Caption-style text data
○ ○ ○ ○

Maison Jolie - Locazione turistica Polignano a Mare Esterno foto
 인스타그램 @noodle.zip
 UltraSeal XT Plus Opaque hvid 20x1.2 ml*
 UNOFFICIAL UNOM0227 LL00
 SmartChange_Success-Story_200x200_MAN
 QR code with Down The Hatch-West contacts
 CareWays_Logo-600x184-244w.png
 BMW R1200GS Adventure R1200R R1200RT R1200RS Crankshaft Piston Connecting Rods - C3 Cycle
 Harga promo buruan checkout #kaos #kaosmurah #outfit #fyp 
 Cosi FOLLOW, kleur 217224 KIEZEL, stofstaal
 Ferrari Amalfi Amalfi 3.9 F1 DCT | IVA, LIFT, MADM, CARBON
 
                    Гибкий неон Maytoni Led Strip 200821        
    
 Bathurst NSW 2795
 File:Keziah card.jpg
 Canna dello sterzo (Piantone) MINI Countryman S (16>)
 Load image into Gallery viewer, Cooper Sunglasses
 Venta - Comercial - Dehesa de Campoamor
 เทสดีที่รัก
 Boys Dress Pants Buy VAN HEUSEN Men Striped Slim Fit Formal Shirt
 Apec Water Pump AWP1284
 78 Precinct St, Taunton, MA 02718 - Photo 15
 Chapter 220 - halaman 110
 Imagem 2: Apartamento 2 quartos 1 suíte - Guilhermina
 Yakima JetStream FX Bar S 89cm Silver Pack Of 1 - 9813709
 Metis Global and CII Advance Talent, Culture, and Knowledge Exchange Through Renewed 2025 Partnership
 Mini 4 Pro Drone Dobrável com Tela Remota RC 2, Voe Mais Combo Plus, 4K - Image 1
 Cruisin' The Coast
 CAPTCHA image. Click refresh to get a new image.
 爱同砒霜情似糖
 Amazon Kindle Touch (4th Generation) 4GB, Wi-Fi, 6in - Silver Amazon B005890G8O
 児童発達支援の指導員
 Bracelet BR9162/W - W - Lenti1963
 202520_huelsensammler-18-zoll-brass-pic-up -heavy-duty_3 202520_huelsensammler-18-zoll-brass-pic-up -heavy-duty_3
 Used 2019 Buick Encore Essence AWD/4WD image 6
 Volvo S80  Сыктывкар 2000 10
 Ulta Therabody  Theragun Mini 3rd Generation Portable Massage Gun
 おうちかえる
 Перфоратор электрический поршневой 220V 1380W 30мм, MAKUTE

○ ○ ○ ○

* Problem statement: Copy out only the lines above from the one with "78 Precinct St, Taunton, MA 02718 - Photo 15" to the one with "Сыктывкар 2000 10", inclusive, exactly as they stand.

* Worked solution:
 78 Precinct St, Taunton, MA 02718 - Photo 15
 Chapter 220 - halaman 110
 Imagem 2: Apartamento 2 quartos 1 suíte - Guilhermina
 Yakima JetStream FX Bar S 89cm Silver Pack Of 1 - 9813709
 Metis Global and CII Advance Talent, Culture, and Knowledge Exchange Through Renewed 2025 Partnership
 Mini 4 Pro Drone Dobrável com Tela Remota RC 2, Voe Mais Combo Plus, 4K - Image 1
 Cruisin' The Coast
 CAPTCHA image. Click refresh to get a new image.
 爱同砒霜情似糖
 Amazon Kindle Touch (4th Generation) 4GB, Wi-Fi, 6in - Silver Amazon B005890G8O
 児童発達支援の指導員
 Bracelet BR9162/W - W - Lenti1963
 202520_huelsensammler-18-zoll-brass-pic-up -heavy-duty_3 202520_huelsensammler-18-zoll-brass-pic-up -heavy-duty_3
 Used 2019 Buick Encore Essence AWD/4WD image 6
 Volvo S80  Сыктывкар 2000 10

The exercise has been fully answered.